What is needed:
All lines from the one that contains "Indahnya Pulau Meti di Maluku Utara" to the end of the data must be retyped exactly. Pictures are not retyped.

Raw data:

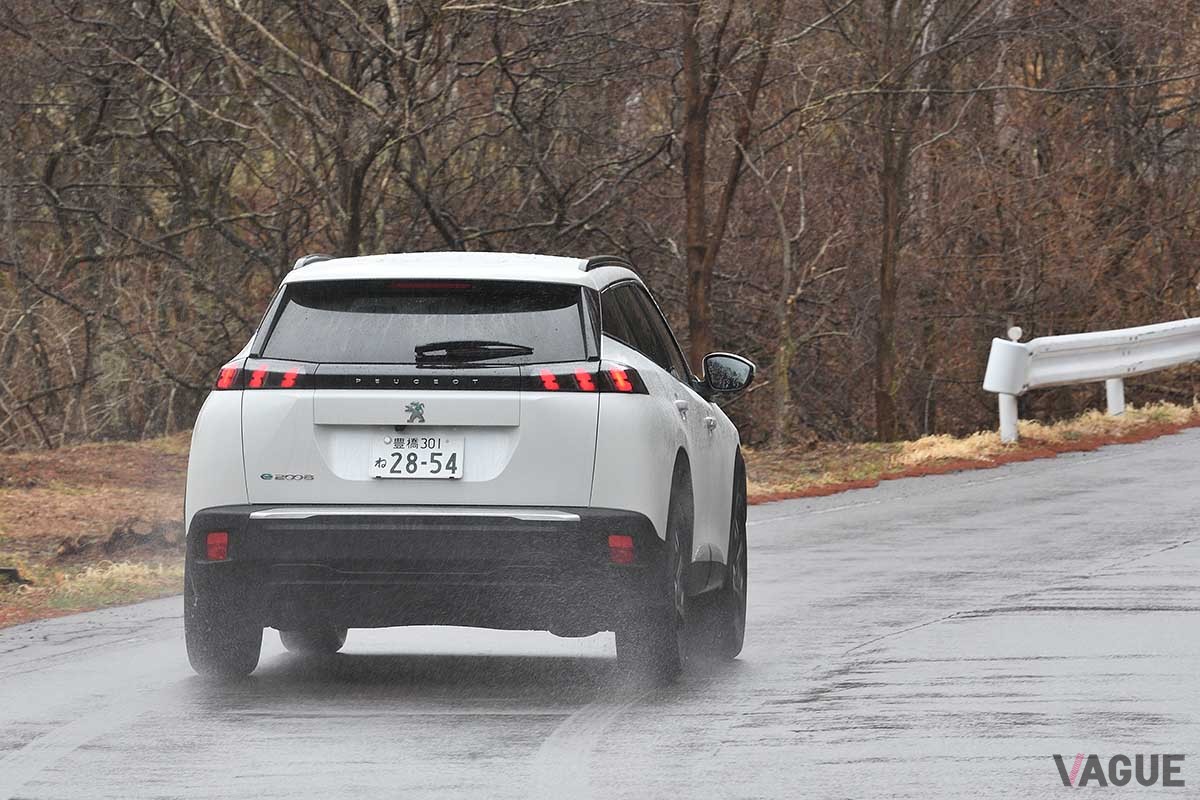 ヨコハマ「アドバンdB　V552」を装着したプジョー「e2008」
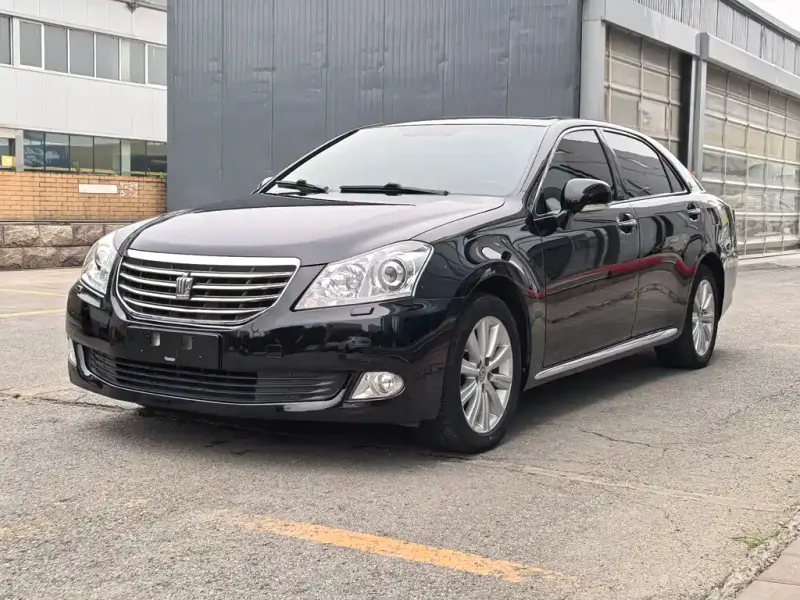 Toyota Crown, 2010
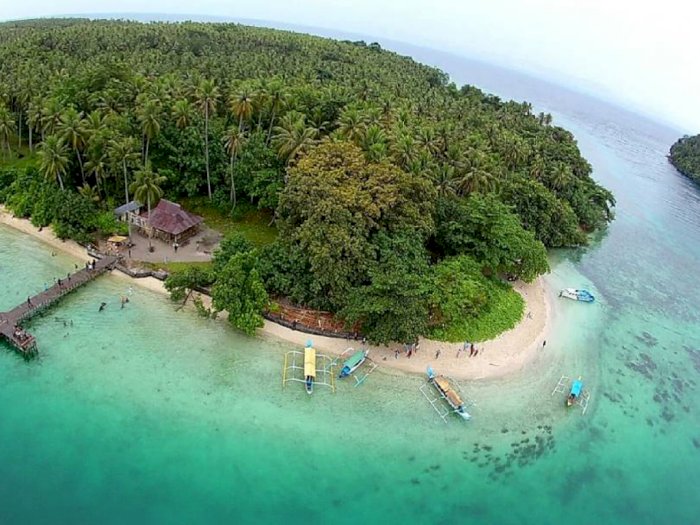 Indahnya Pulau Meti di Maluku Utara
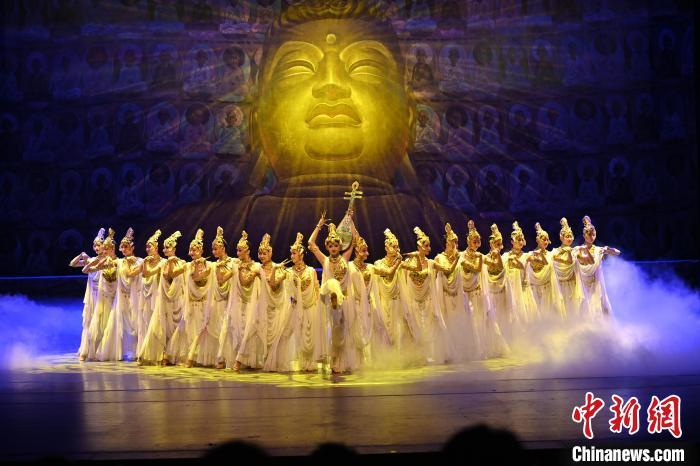 7月18日晚，中國經(jīng)典舞劇《絲路花雨》在甘肅蘭州黃河劇院演出。李亞龍 攝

Answer for the task:
 Indahnya Pulau Meti di Maluku Utara
 7月18日晚，中國經(jīng)典舞劇《絲路花雨》在甘肅蘭州黃河劇院演出。李亞龍 攝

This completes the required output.